Ce récit tragi-comique d'apparence anecdotique commence comme une chronique courtelinesque cocasse de la vie dans un sinistre bureau de notaire, peuplé de personnages tous aussi ordinaires que singuliers dont l'auteur trace des portraits à la Daumier, pour évoluer vers l'absurde, induit par le comportement pour le moins inhabituel, excentrique dirait-on au 19ème siècle, d'un des scribes qui, notamment, "préfère pas" exécuter les ordres de son employeur, et s'achever de manière dramatique.
L'abondance de niveaux de lecture de ce texte, méconnu de son temps, a suscité au 20ème siècle une abondante littérature analytique quant à la signification de "l’immobile errance du scribe"*, de la démystification de la société capitaliste américaine à l'apologie de la résistance passive face à l'absurdité du monde, de la dialectique intemporelle du rapport maître-valet à l'icône néo-marxiste de la lutte des classes par son geste révolutionnaire de refus de la servitude volontaire en passant par la réflexion sur la portée métaphysique du geste créateur de l'écriture et le phénomène du double psychanalytique.
A chacun d'y trouver son compte à travers cette lecture-théâtre mise en espace par François Duval.
La scénographie consistant à disposer en arc de cercle des piles de vieux dossiers sur lesquels va successivement s'asseoir le lecteur revêt un caractère dispensable alors que les intermèdes constitués de brefs extraits d'œuvres du compositeur Benjamin Britten ponctuent judicieusement la progression de l'intensité dramatique du texte.
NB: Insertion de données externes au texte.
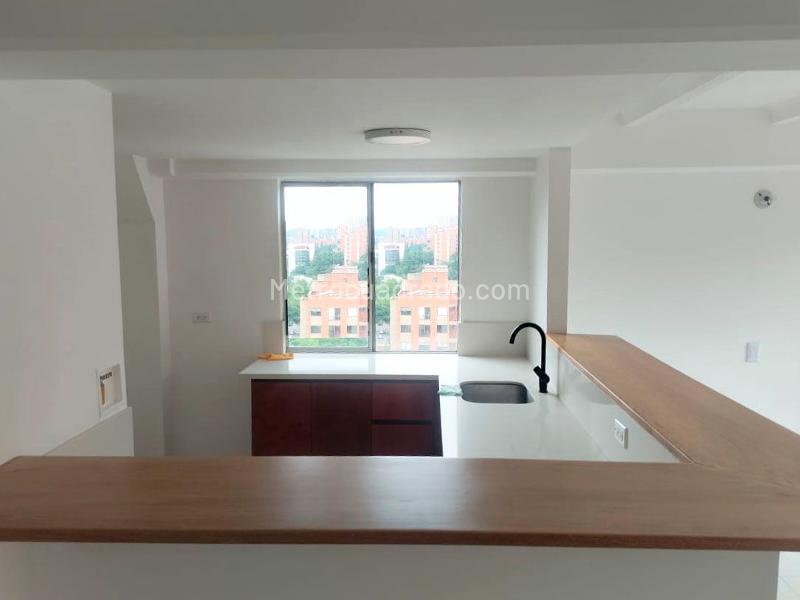 2BR Apartment with Balcony & Terrace in Gated Community, El Poblado - 5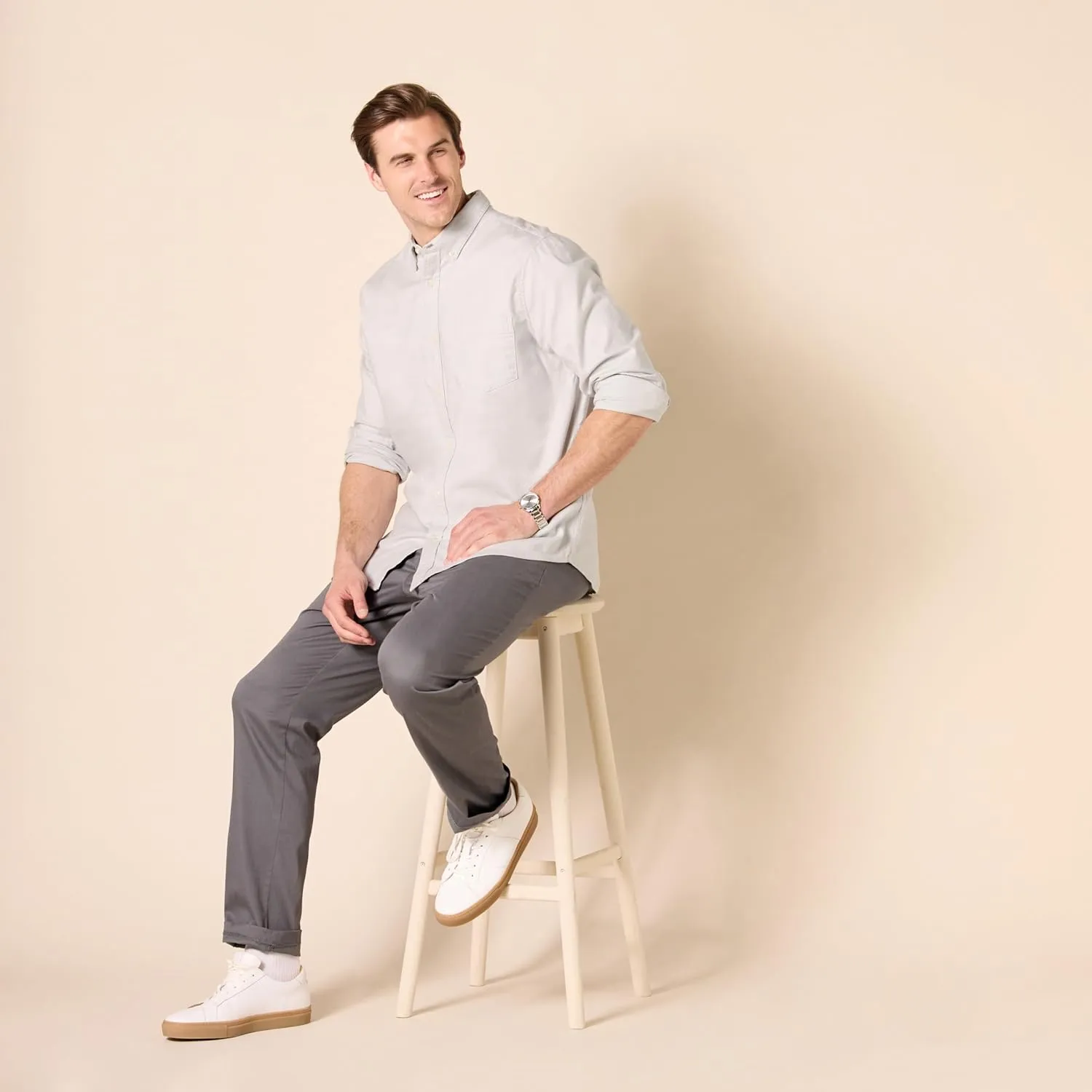 Amazon Essentials Men's Slim-Fit Long-Sleeve Stretch Oxford Shirt with Pocket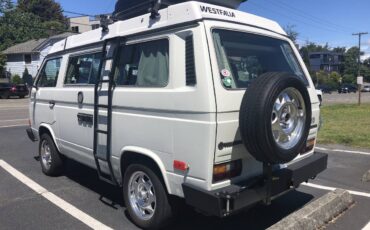 Volkswagen-vanagon-camper-1986-white-21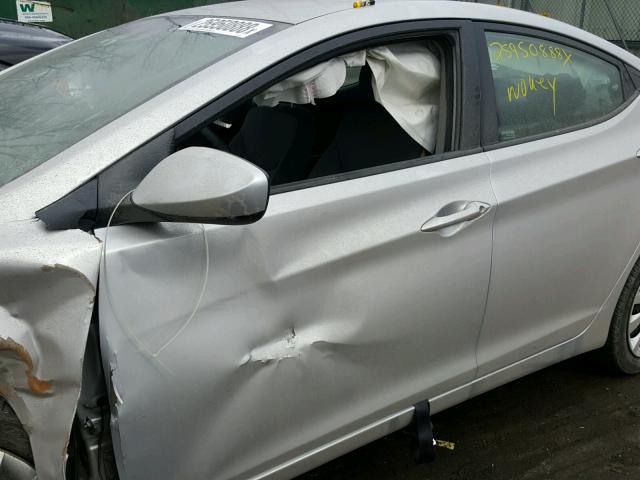 KMHDH4AE4DU557922 - 2013 HYUNDAI ELANTRA GL SILVER photo 9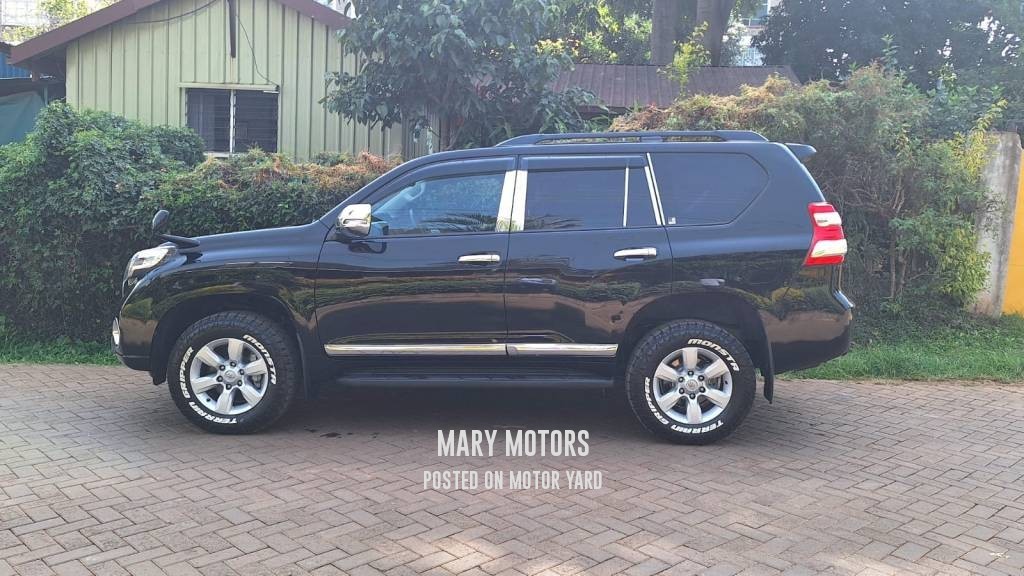 Toyota Land Cruiser Prado 2017 Black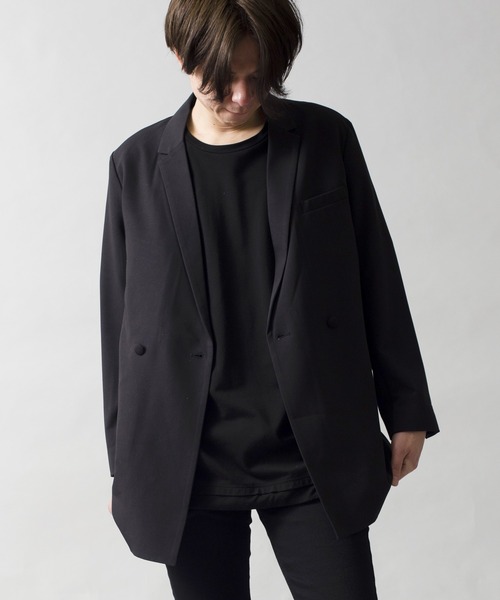 NO ID.（ノーアイディ）の「【NO ID.】Double Breasted Notched Lapel Half Jacket / ダブル ブレスト ノッチドラペル ハーフ ジャケット（テーラードジャケット・メンズ・ブラック/ベージュ/グレー・1/2）」の2枚目の写真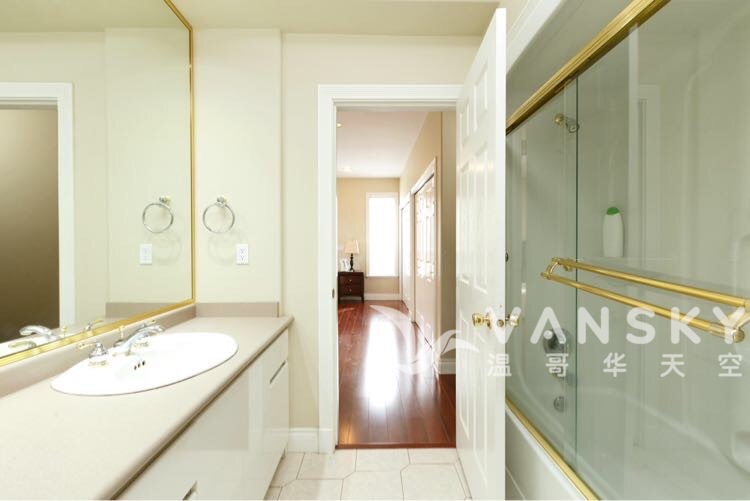 221217160950_101 Ensuite.jpg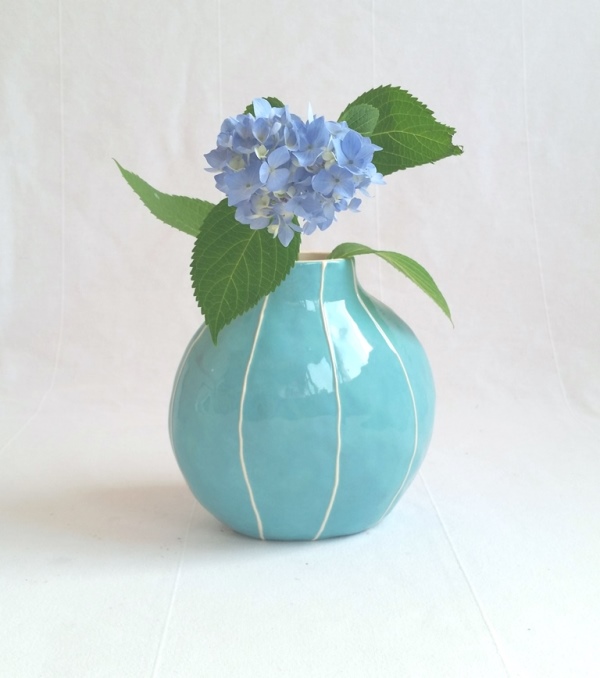 VIT ceramics pod vase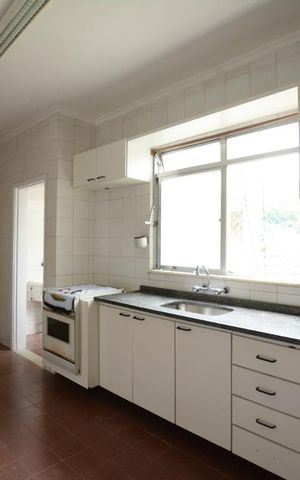 Apartamento à venda com 105m², 2 quartos e 1 vagaCozinha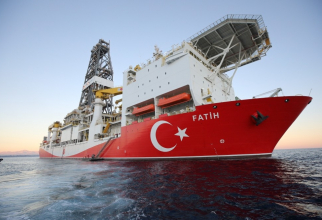 Nava de foraj Fatih a Turciei
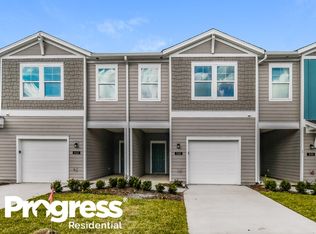 520 Cherry Ridge Dr, Orange Park, FL 32065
Sur fond de grande toile écrue qui évoque une feuille de papier froissé, Daniel Pennac, qui annonce dans sa note d'intention voir dans ce texte "un face-à-face entre deux solitudes… Bartleby, l’homme qui ne veut plus jouer à l’homme, et le narrateur, l’homme qui ne peut vivre sans comprendre les hommes", en donne une lecture inspirée qui, sans être parasitée par les inutiles ou incongrus effets du jeu théâtral, même s'il interprète les parties dialoguées de ce texte narratif qu'il porte manifestement en lui.
Sa prestation est enthousiasmante tout simplement parce qu'il
n'a rien à prouver. Simplement, sans doute aussi l'atavisme
didactique du pédagogue, faire connaître et partager.